À plusieurs reprises, le pape François a affirmé la nécessité d’associer davantage les femmes, laïques ou consacrées, au « proces­sus décisionnel » dans l’Église, à tous les niveaux, depuis la paroisse jusqu’à la Curie. Il a procédé à plusieurs nominations significatives de femmes au sein des congrégations romaines ou des conseils pontificaux. Mais il a mis en garde aussi contre la tentation de la « cléricalisation » : « Les femmes dans l’Église doivent être valorisées, pas “cléricalisées”. Ceux qui rêvent de cardinaux féminins sont un peu atteints de cléricalisme » (15 décembre 2013). Et il a réaffirmé le 1er novembre 2016 : « En ce qui concerne l’ordination des femmes dans l’Église catholique, la dernière parole claire a été donnée par saint Jean-Paul II et celle-ci demeure. »

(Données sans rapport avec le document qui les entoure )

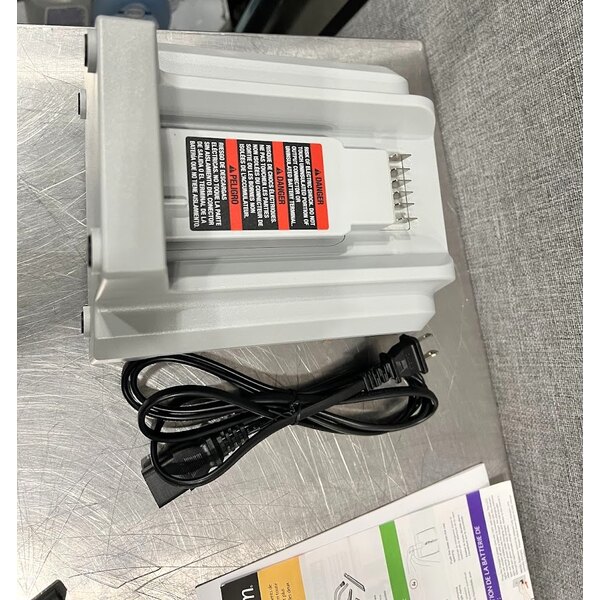 Scratch and Dent ProTeam GoFit® 6 107782 4.0 Ah 6 Qt. Cordless Backpack Vacuum with 107100 Xover Multi-Surface Telescoping Wand Kit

Anne Soupa, en se portant candidate à l’archevêché de Lyon, non seulement brave l’enseignement répété des papes, mais elle méconnaît complètement ce qu’est un évêque. Elle feint de croire qu’être évêque ou archevêque se réduit à un « poste de responsabilité » auquel tout baptisé suffisamment formé, homme ou femme, pourrait postuler. Mais les évêques ne sont pas des managers. Par la consécration épiscopale, reçue en communion hiérarchique avec le pape, ils ont une triple mission : munera docendi, regendi, sanctificandi (la charge d’enseigner, de gouverner et de sanctifier). À ce titre, ils sont successeurs des Apôtres. Or, Jésus n’a pas appelé et institué d’« apôtresses ».

Yves Chiron

(1) Albin Michel, 2020, 328 pages, 20,90 €.